- Dataset section
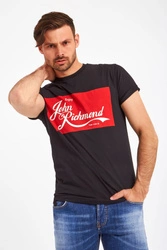 T-shirt Sallyanne JOHN RICHMOND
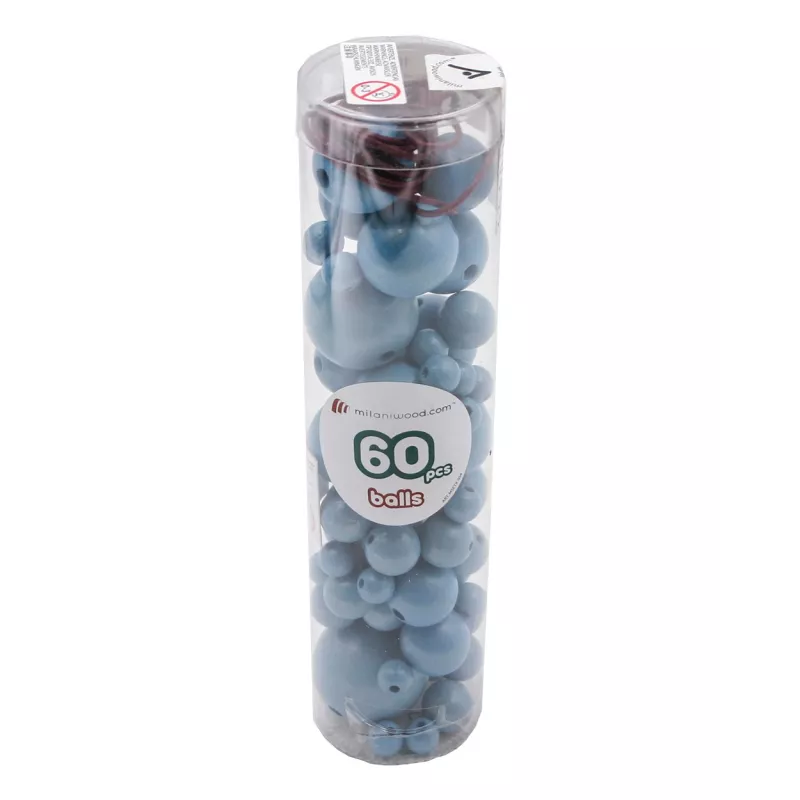 tube-de-perles-60-pcs-billes-bleu-pastel-6-tailles
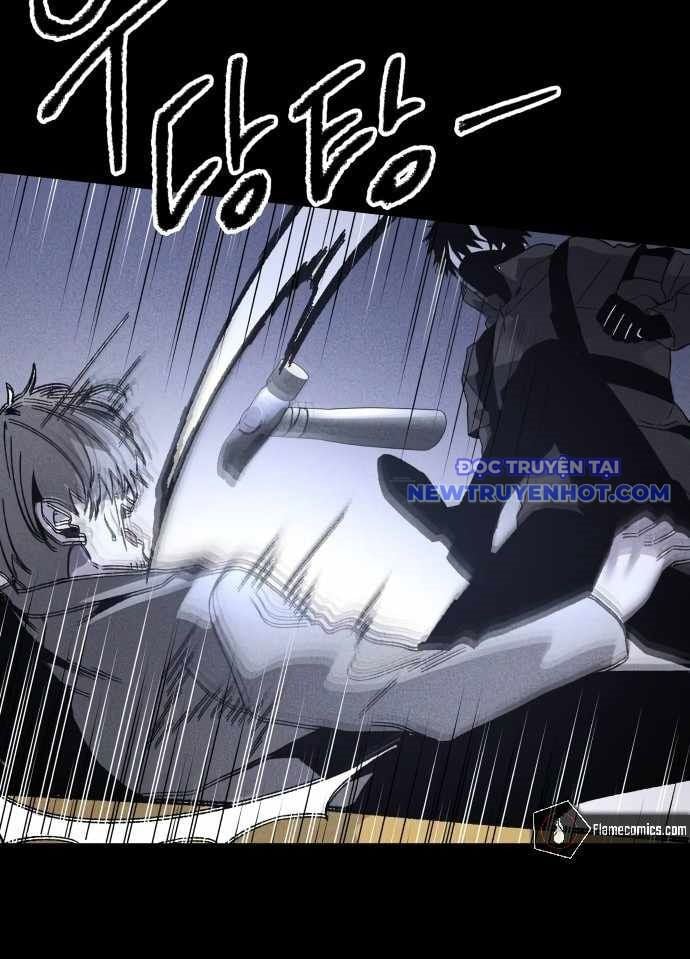 Cỗ Máy Dự Báo Sát Nhân: Chapter 7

- Problem statement
Beginning with the line that contains "tube-de-perles-60-pcs-billes-bleu-pastel-6-tailles" and ending with the last line of the data, restate each line word for word. Exclude the pictures.

- Problem solution
 tube-de-perles-60-pcs-billes-bleu-pastel-6-tailles
 Cỗ Máy Dự Báo Sát Nhân: Chapter 7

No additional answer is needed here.